# DataWeave scripts to clean your XML/HTML code snippets for a WordPress blog post

> Learn how to clean an XML or HTML code snippet to publish in a WordPress article with these DataWeave scripts.

- **Author:** Alex Martinez
- **Published:** Sep 5, 2023
- **Category:** Tutorials
- **Tags:** MuleSoft, DataWeave
- **Source:** https://prostdev.com/post/dataweave-scripts-to-clean-your-xml-html-code-snippets-for-a-wordpress-blog-post

---
In case you're not familiar with my [dataweave-scripts](https://github.com/alexandramartinez/dataweave-scripts) GitHub repo, it's the place where I keep some of the scripts I've created to help the community with transformation questions or simply some scripts that have been handy to me.

In this post, I want to introduce you to two transformations I added because of a use case I came up with last week. Basically to help clean an XML or HTML to publish a script in a WordPress article.

## The problem

This problem started because I had written a blog post in a WordPress-based blog. I was sharing a Maven snippet (XML format). The issue is that WordPress mistook the XML tags as HTML code. So, instead of having a regular XML snippet, the article was showing something like this:

![Maven XML snippet in WordPress with its tags stripped out, leaving only the bare values](../../assets/blog/dataweave-scripts-to-clean-your-xml-html-code-snippets-for-a-wordpress-blog-post-2.png)

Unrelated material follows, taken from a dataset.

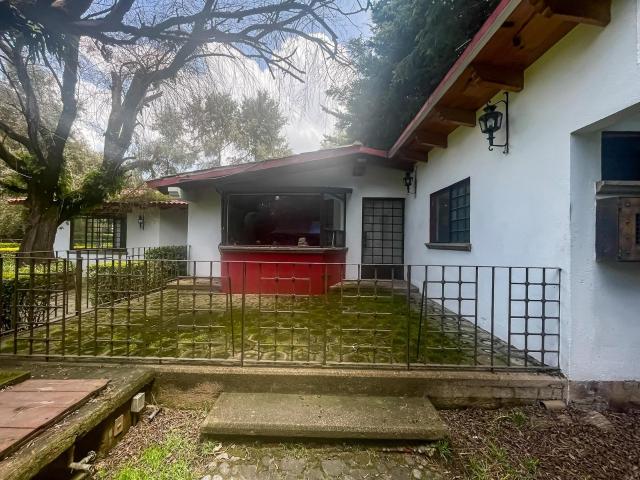 CASA EN VENTA EN OCOYOACAC, FRACCIONAMIENTO CHIMALIAPAN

The fix was simple. Instead of having the regular `<` and `>` characters pasted in the code snippet, I had to use `&lt;` and `&gt;` respectively.

*(Thanks so much Julian Duque for providing the fix! I had no idea about this issue in WordPress* 🤗*)*

For example, instead of writing `<plugin>`, I had to replace it with `&lt;plugin&gt;`

I thought to myself: If I need to keep doing this for future blog posts, maybe I can create a DataWeave transformation to fix this for me so I can just easily copy and paste the new clean snippet.

These are the two approaches I came up with.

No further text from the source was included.